Research News
Metabolomics study heralds change in animal testing
Mar 12 2024
The University of Birmingham is leading an international collaboration that has used metabolomics as a robust method to assess safety of chemicals, which is also raising hopes for a reduction in animal testing procedures.
Grouping and read-across, an EU-approved approach, allows toxicology information from already approved chemicals to be copied across to new structurally similar substances, enabling them to be brought forward for market approval. However, because this process is unreliable, the majority of new chemical grouping and read-across submissions are rejected by the European Chemicals Agency (ECHA).
The study from the MATCHING consortium, funded by the European Chemical Industry Council’s Long-Range Research Initiative (Cefic-LRI) was carried out in partnership with BASF, BASF Metabolome Solutions, ECHA, Imperial College London, Syngenta, Vrije Universiteit Amsterdam and the US Environmental Protection Agency.

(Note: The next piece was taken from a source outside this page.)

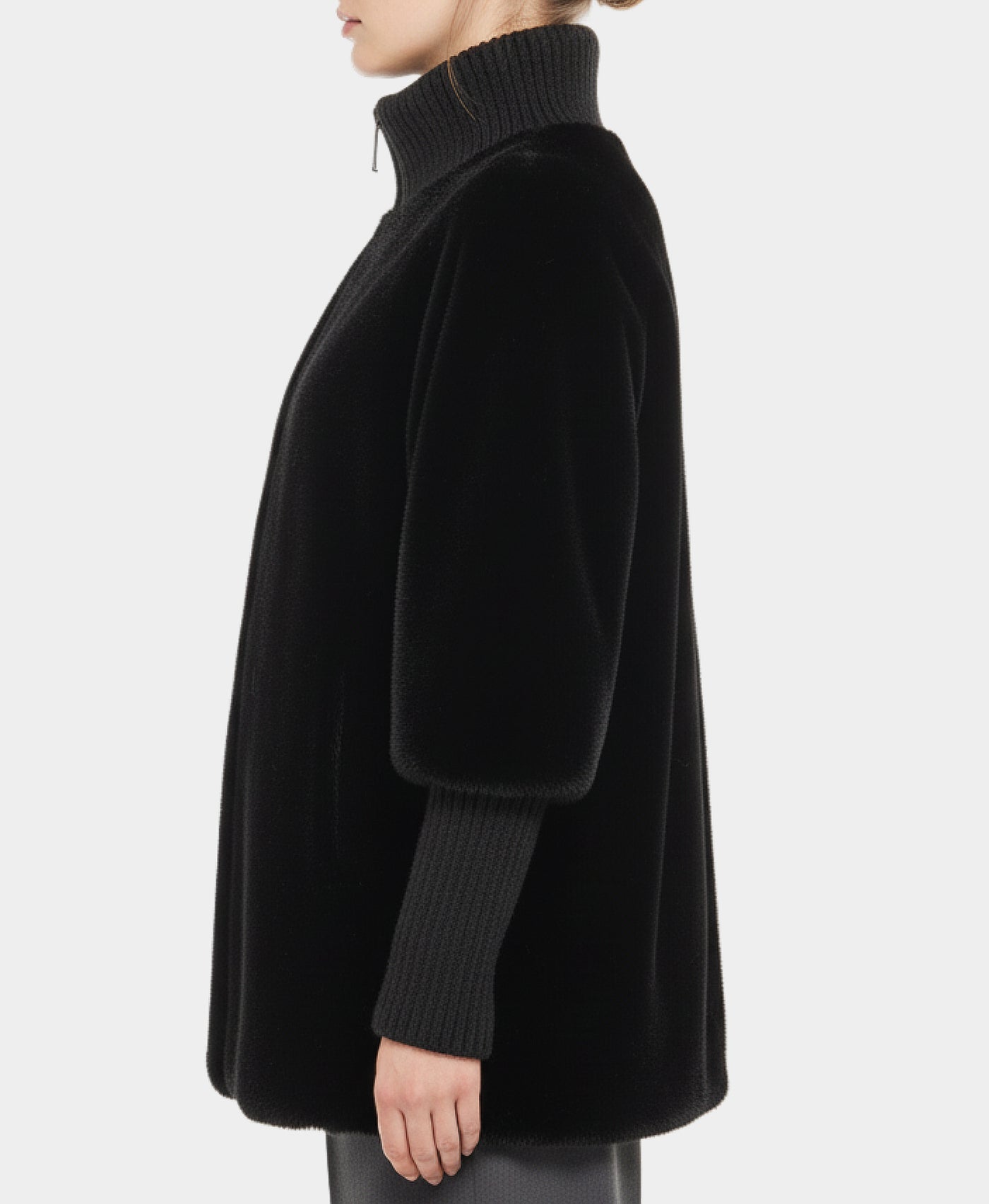 Faux Fur Jacket w/ Knit Trim view 2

Mark Viant, Professor of Metabolomics at the University of Birmingham explained: “Chemicals fall into three categories of drugs, pesticides and industrial chemicals and we are exposed to some of these every single day of our lives. Industrial chemicals are not intended for direct exposure to humans or the environment, but inevitably this will happen, so the toxicology information must be accurate.
“Instead of only measuring the structural similarity of the chemicals to form groups, we have found that by using metabolomics to measure the biological responses of the chemicals, we can make the grouping and read across more reliable.”
To test the effectiveness of metabolomics, six independent laboratories were sent common plasma samples from rats which had been tested with eight chemicals. The teams did not know what the chemicals were and had to correctly group them by looking for diagnostic metabolic biomarkers. By using a ‘shotgun approach’ like metabolomics, scientists could measure thousands of markers like amino acids and lipids, using mass spectrometry. This helped the labs group the eight chemicals into two groups of three and one of two chemicals.
All results were then sent to the European Chemicals Agency who compiled them before the findings were revealed to the whole consortium. The five labs whose data passed quality control all discovered the same grouping. This is the first time that the use of metabolomics for grouping has been proven to be a reproducible method.
Katherine Santizo from Cefic-LRI: “This is a massive step forward to improve the existing grouping and read-across approach. The fact that five labs from different countries all got the same, correct results while using different methods and instruments, their own procedures and statistical analysis shows that metabolomics is a reliable method.”
Professor Viant added that rats were ‘not good models for humans’ with reproducibility of results also ‘not great’ and that even without the ethical considerations, this approach was both a costly and slow process. “So, by making the grouping and read-across approach more robust by using metabolomics, the number of lab rats being tested could be dramatically cut,” he added.
Tomasz Sobanski, Team Leader for Alternative Methods in the Computational Assessment and Alternative Methods Unit, ECHA said: “The need to demonstrate the reliability of metabolomics was first identified during one of our workshops in 2016. We are very impressed with the results of this research and we believe that they will improve the grouping and read-across. We hope that learnings from this research will be included in new guidance for the chemical industry to allow commercial laboratories to provide these services widely.”